I Wayan Karta atau yang sering dikenal dengan nama panggilan Cover adalah salah satu seniman bali yang merupakan pemain suling dan juga sebagai pembuat suling. Beliau terlahir di Banjar Pengosekan, Mas, Ubud pada tanggal 4 Maret 1977 dan merupakan anak pertama dari pasangan I Ketut Gandra dengan Ni Nyoman Brati dari 7 bersaudara. Pendidikan terakhirnya di SMSR Ubud pada tahun 1991.
Kecintaan beliau terhadap instrument suling dikarenakan dari lingkungan dan ayahnya yang juga gemar bermain suling. Namun pada waktu itu beliau tidak begitu dalam bermain suling dan hanya iseng-isengan saja dalam bermain suling. Mungkin karena usianya yang masih 13 tahun pada saat itu, yang menyebabkan beliau tidak begitu serius dalam bermain suling. Hal lain yang juga menyebabkan adalah kebiasaan buruk beliau yaitu minum-minuman keras dan sering kali sampai mabuk.
Pada suatu ketika ada seseorang yang bernama Nyoman Dayuh yang juga satu banjar dengan Wayan Karta (Cover) merasa prihatin melihat keseharian beliau yang hanya suka minum-minum dan mabuk. Melihat hal itu, Nyoman Dayuh mengajak beliau belajar bermain gamelan Rindik dan langsung mengajarkannya. Semua itu dilakukan oleh Nyoman Dayuh untuk mengurangi keseharian beliau yang tidak baik. Akan tetapi beliau tidak mengerti-mengerti dengan apa yang diajarkan. Kemudian Nyoman Dayuh mencoba untuk mengajarkan gamelan lain, yaitu gamelan Gender Wayang. Seiring berjalannya waktu, Wayan Karta (Cover) juga tidak paham dengan gamelan yang diajarkan. Nyoman Dayuh pun merasa bosan untuk mengajarkan beliau.
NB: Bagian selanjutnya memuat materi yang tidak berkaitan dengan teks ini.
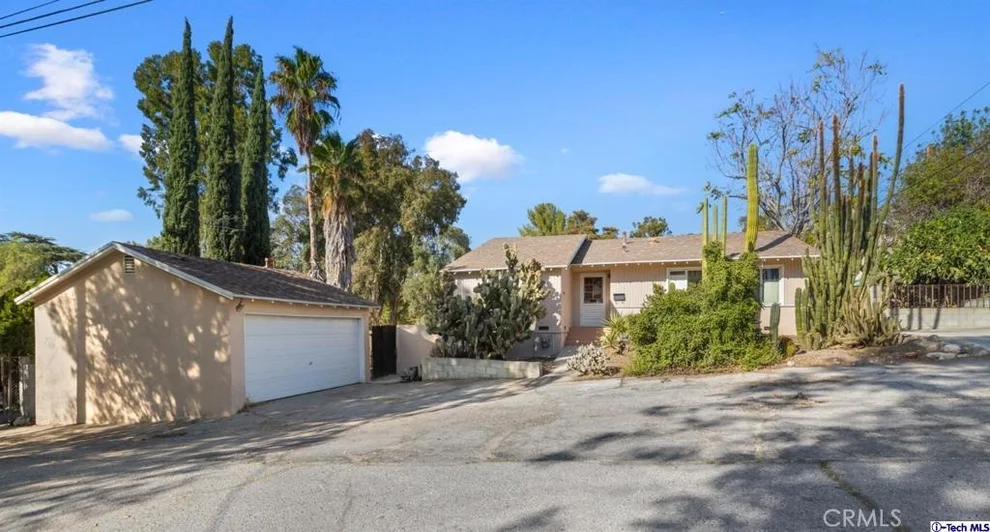 Unit for sale at 10333 Pinyon Avenue, Tujunga, CA 91042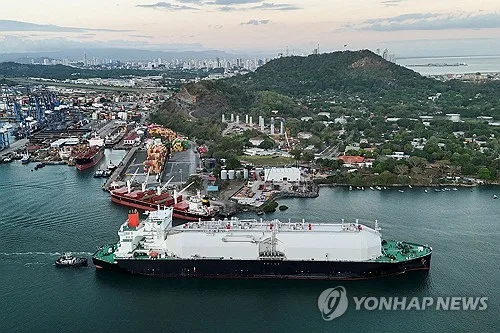 파나마운하청 "일부 선박 통행권 100만달러 돌파"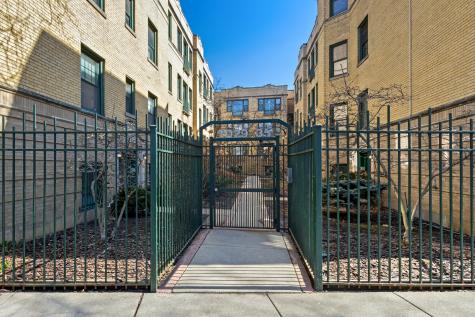 7035 North Sheridan Road Chicago IL 60626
Pada saat itu Nyoman Dayuh memutarkan musik yang berisi orang bernyanyi dan berrmain suling (magenjekan) untuk menghibur dirinya. Dan pada saat itu juga Wayan Karta (Cover) juga ikut mendengarkan musik tersebut. Beliau merasa tertarik dan bertanya-tanya tentang musik tersebut kepada Nyoman Dayuh. Beliau berkata,”musik apa itu beli ?” dan Nyoman Dayuh pun menjawab,”ini musik untuk orang mabuk”. Mulai sejak saat itulah beliau tertarik untuk mempelajari suling.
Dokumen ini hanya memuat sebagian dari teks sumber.